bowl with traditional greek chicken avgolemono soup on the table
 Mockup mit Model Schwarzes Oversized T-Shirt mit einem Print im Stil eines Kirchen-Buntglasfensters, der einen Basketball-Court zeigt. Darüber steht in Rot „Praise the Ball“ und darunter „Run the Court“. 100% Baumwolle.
==*==
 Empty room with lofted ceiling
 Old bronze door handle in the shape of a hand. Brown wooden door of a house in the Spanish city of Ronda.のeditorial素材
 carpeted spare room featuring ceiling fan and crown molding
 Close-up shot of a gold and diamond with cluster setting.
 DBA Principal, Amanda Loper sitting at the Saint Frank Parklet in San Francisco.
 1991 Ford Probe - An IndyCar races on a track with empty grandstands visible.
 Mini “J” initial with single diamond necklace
==*==
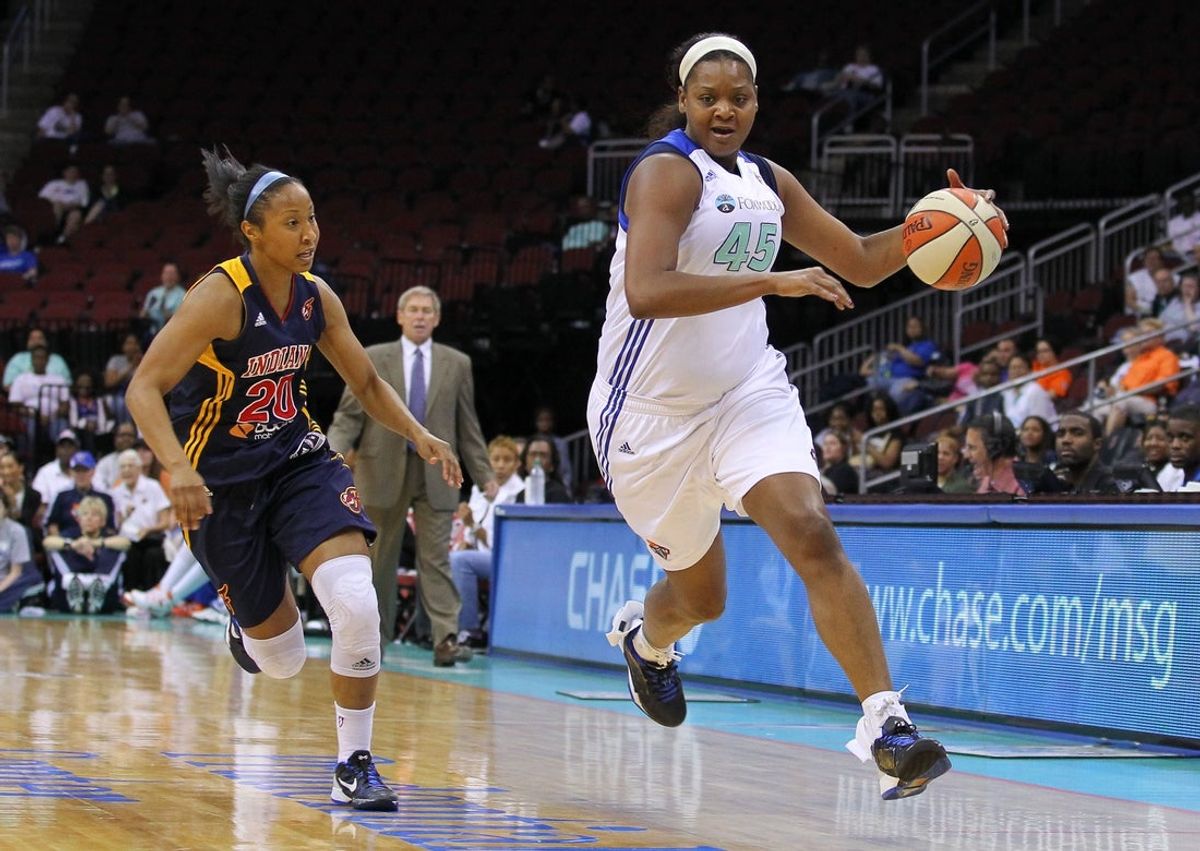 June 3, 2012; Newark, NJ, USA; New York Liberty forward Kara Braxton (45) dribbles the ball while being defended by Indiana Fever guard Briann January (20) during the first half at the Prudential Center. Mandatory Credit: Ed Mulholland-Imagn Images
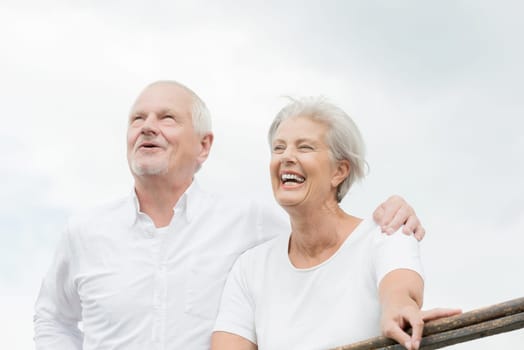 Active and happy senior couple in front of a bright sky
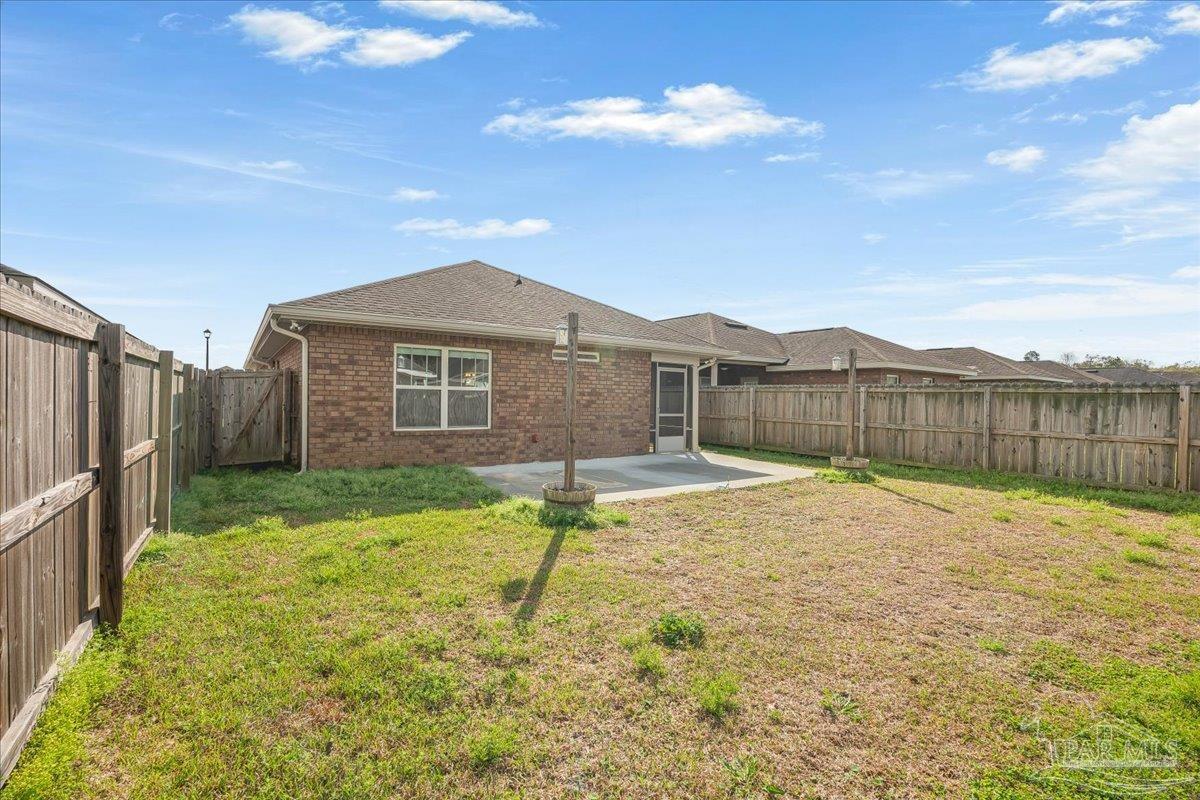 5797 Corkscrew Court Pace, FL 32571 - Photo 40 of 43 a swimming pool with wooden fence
==*==
(REQUIREMENT) From the line containing "DBA Principal, Amanda" down to the line containing "single diamond necklace" in the material above, reproduce every line exactly, including the two end lines.

(SOLUTION FOR THIS TASK)
 DBA Principal, Amanda Loper sitting at the Saint Frank Parklet in San Francisco.
 1991 Ford Probe - An IndyCar races on a track with empty grandstands visible.
 Mini “J” initial with single diamond necklace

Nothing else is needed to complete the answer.